On Tuesday, August 26, 2014, Martin Krasser
<[email protected]> wrote:
On 26.08.14 16:44, Andrzej Dębski wrote:
My mind must have filtered out the possibility of
making snapshots using Views - thanks.
About partitions: I suspected as much. The only thing
that I am wondering now is: if it is possible to
dynamically create partitions in Kafka? AFAIK the
number of partitions is set during topic creation (be
it programmatically using API or CLI tools) and there
is CLI tool you can use to modify existing topic:
https://cwiki.apache.org/confluence/display/KAFKA/Replication+tools#Replicationtools-5.AddPartitionTool.

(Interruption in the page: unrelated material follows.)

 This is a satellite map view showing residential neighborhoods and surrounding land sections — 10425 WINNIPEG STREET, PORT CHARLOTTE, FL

To keep the invariant " PersistentActor is the only
writer to a partitioned journal topic" you would have
to create those partitions dynamically (usually you
don't know up front how many PersistentActors your
system will have) on per-PersistentActor basis.
You're right. If you want to keep all data in Kafka
without ever deleting them, you'd need to add partitions
dynamically (which is currently possible with APIs that
back the CLI). On the other hand, using Kafka this way
is the wrong approach IMO. If you really need to keep
the full event history, keep old events on HDFS or
wherever and only the more recent ones in Kafka (where a
full replay must first read from HDFS and then from
Kafka) or use a journal plugin that is explicitly
designed for long-term event storage.
The main reason why I developed the Kafka plugin was to
integrate my Akka applications in unified log processing
architectures as descibed in Jay Kreps' excellent
article
<http://engineering.linkedin.com/distributed-systems/log-what-every-software-engineer-should-know-about-real-time-datas-unifying>.

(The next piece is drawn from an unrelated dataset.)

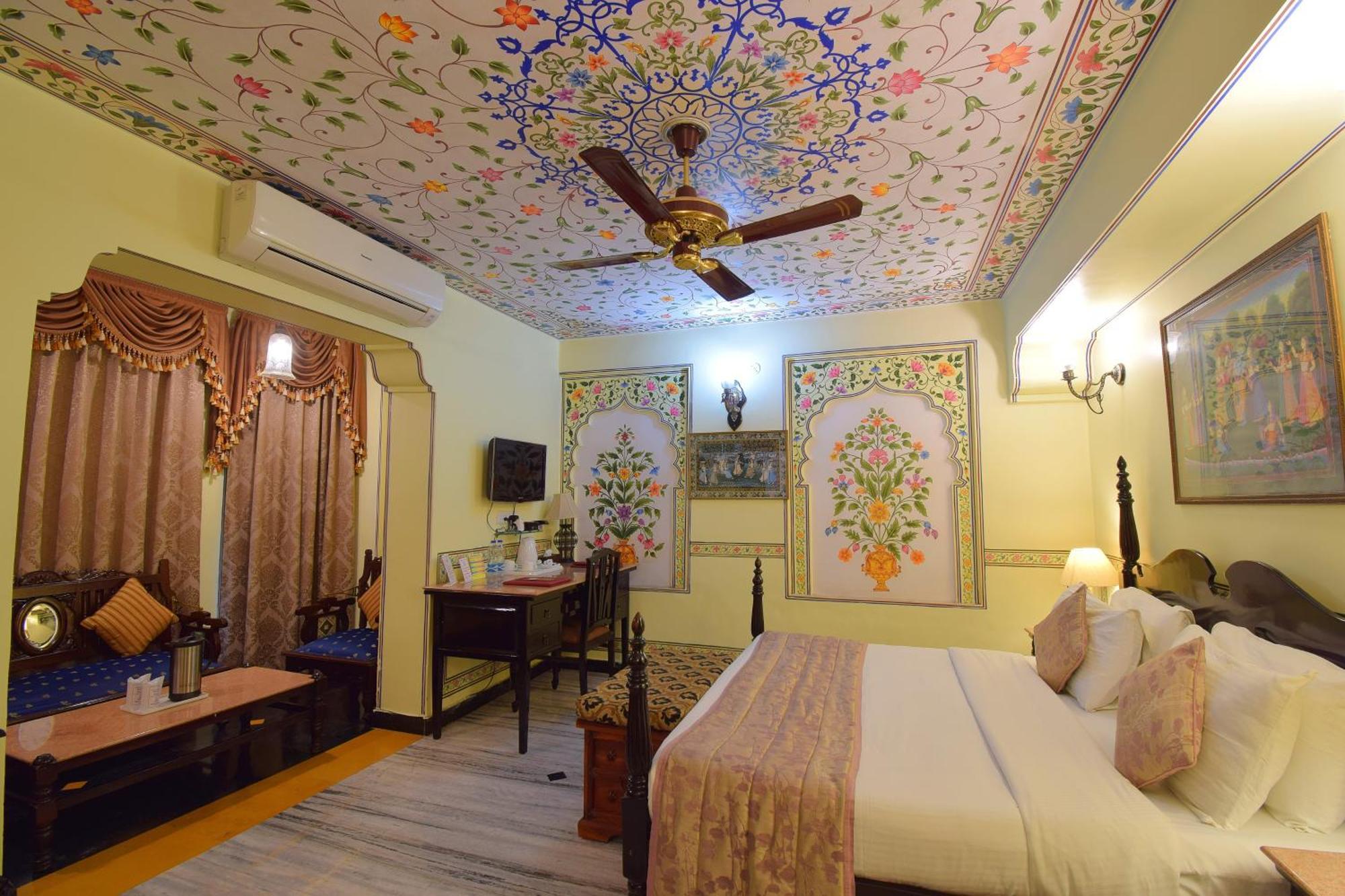 Royal Deluxe Family pickup on arrival from train or bus station Enjoy a daily Rajasthani dance & music show from 7–9 PM swimming pool a dedicated travel desk to assist local sightseeing tours intercity travel arrangements & activit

Also mentioned in this article is a snapshotting
strategy that fits typical retention times in Kafka.
On the other hand maybe you are assuming that each
actor is writing to different topic
yes, and the Kafka plugin is currently implemented that way.

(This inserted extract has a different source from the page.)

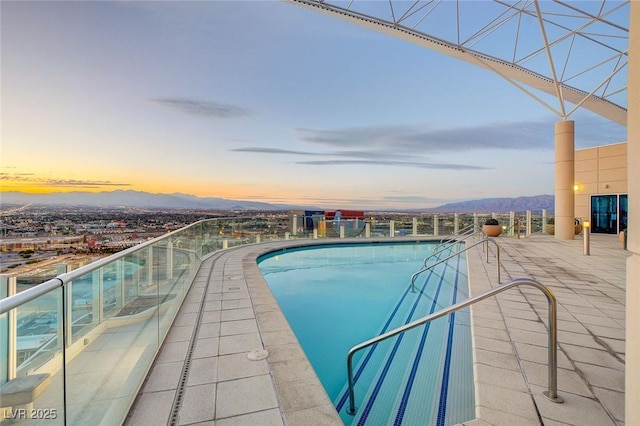 200 Hoover Ave Unit 1905, Las Vegas, NV 89101 - pool at dusk featuring a mountain view and a community pool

- but I think this solution is not viable because
information about topics is limited by ZK and other
factors:
http://grokbase.com/t/kafka/users/133v60ng6v/limit-on-number-of-kafka-topic.
A more in-depth discussion about these limitations is
given at
http://www.quora.com/How-many-topics-can-be-created-in-Apache-Kafka
with a detailed comment from Jay. I'd say that if you
designed your application to run more than a few hundred
persistent actors, then the Kafka plugin is the probably
wrong choice. I tend to design my applications to have
only a small number of persistent actors (which is in
contrast to many other discussions on akka-user) which
makes the Kafka plugin a good candidate.
To recap, the Kafka plugin is a reasonable choice if
- frequent snapshotting is done by persistent actors
(every day or so)
- you don't have more than a few hundred persistent
actors and
- your application is a component of a unified log
processing architecture (backed by Kafka)
The most interesting next Kafka plugin feature for me to
develop is an HDFS integration for long-term event
storage (and full event history replay). WDYT?
W dniu wtorek, 26 sierpnia 2014 15:28:47 UTC+2
użytkownik Martin Krasser napisał:
Hi Andrzej,
On 26.08.14 09:15, Andrzej Dębski wrote:
Hello
Lately I have been reading about a possibility of
using Apache Kafka as journal/snapshot store for
akka-persistence.
I am aware of the plugin created by Martin
Krasser:
https://github.com/krasserm/akka-persistence-kafka/ and
also I read other topic about Kafka as journal
https://groups.google.com/forum/#!searchin/akka-user/kakfka/akka-user/iIHmvC6bVrI/zeZJtW0_6FwJ
<https://groups.google.com/forum/#%21searchin/akka-user/kakfka/akka-user/iIHmvC6bVrI/zeZJtW0_6FwJ>.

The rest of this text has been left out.